### Problem to work on
Only one part of the listing is needed: the lines from the one with "КР и Евросоюз" through the last line, copied exactly and free of pictures.

Start of The data

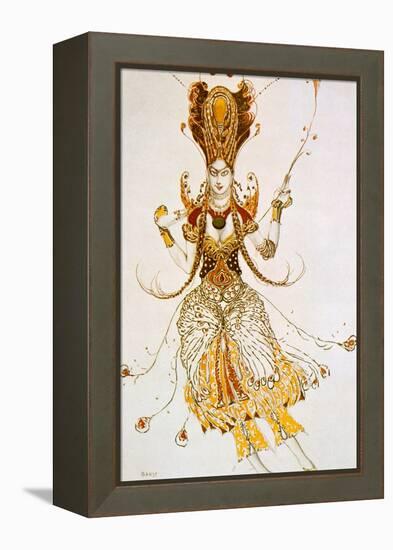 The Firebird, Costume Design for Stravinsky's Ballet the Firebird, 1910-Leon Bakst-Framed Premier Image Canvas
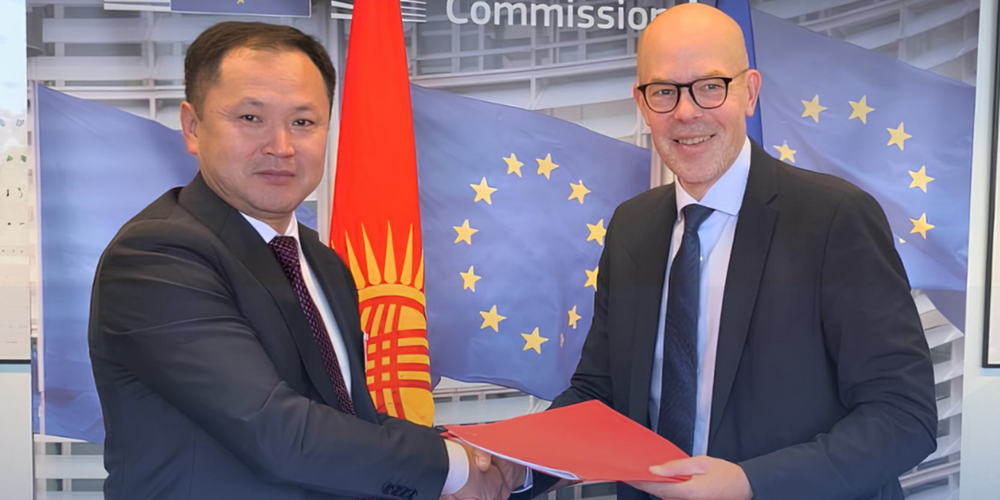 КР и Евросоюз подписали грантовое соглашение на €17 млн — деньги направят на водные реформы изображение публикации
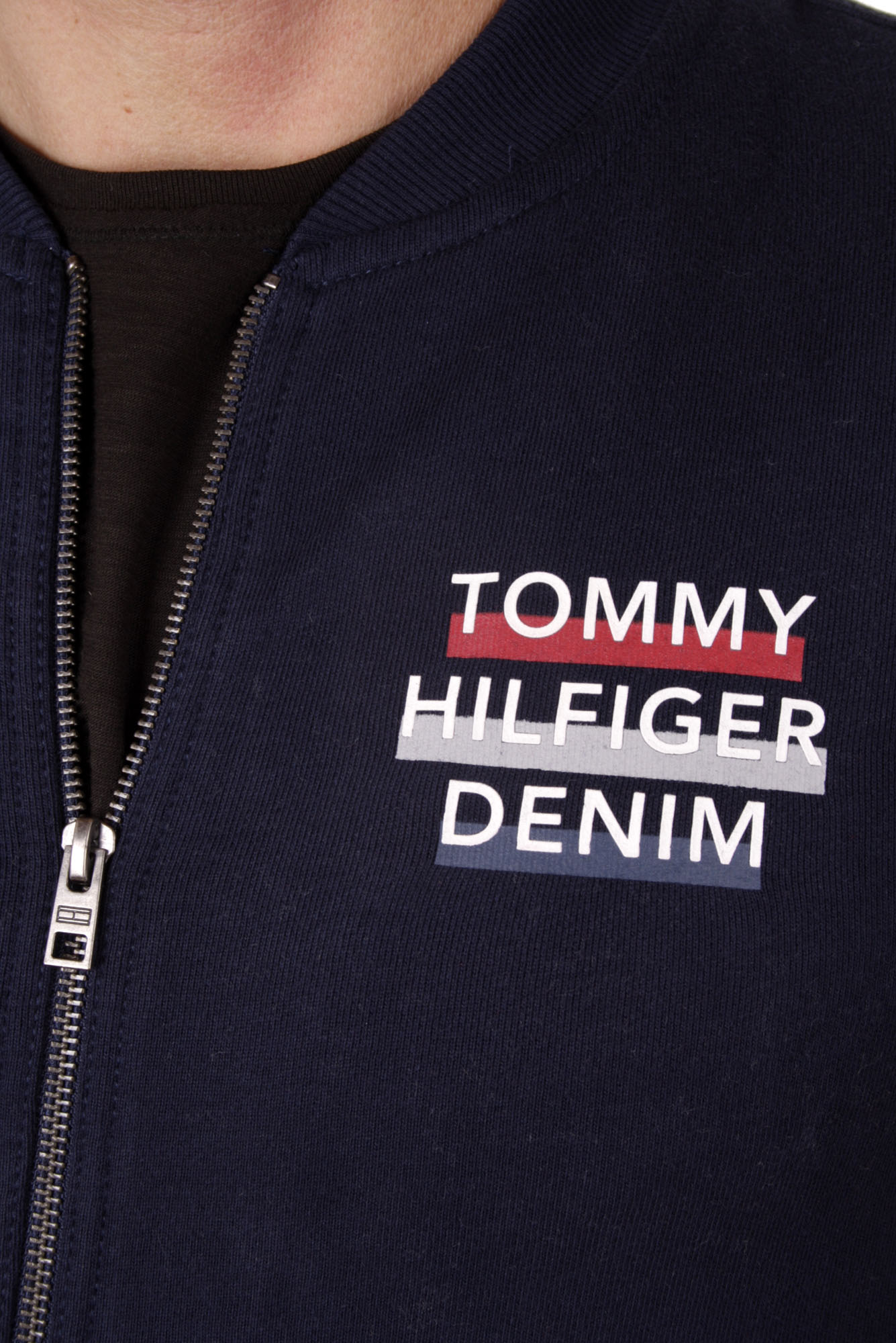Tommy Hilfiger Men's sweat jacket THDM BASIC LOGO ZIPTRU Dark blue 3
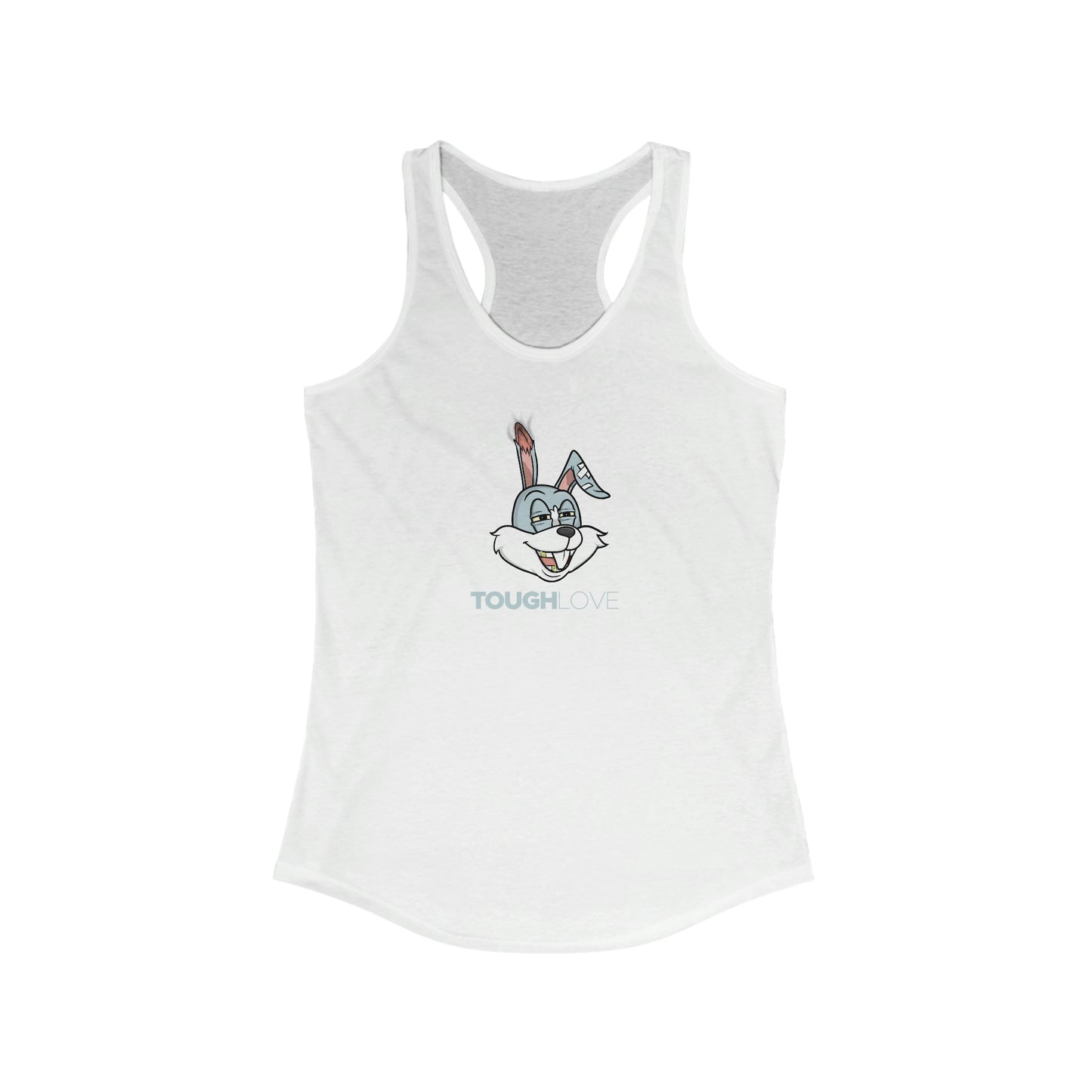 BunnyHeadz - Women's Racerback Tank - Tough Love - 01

End of The data

### Task output
 КР и Евросоюз подписали грантовое соглашение на €17 млн — деньги направят на водные реформы изображение публикации
Tommy Hilfiger Men's sweat jacket THDM BASIC LOGO ZIPTRU Dark blue 3
 BunnyHeadz - Women's Racerback Tank - Tough Love - 01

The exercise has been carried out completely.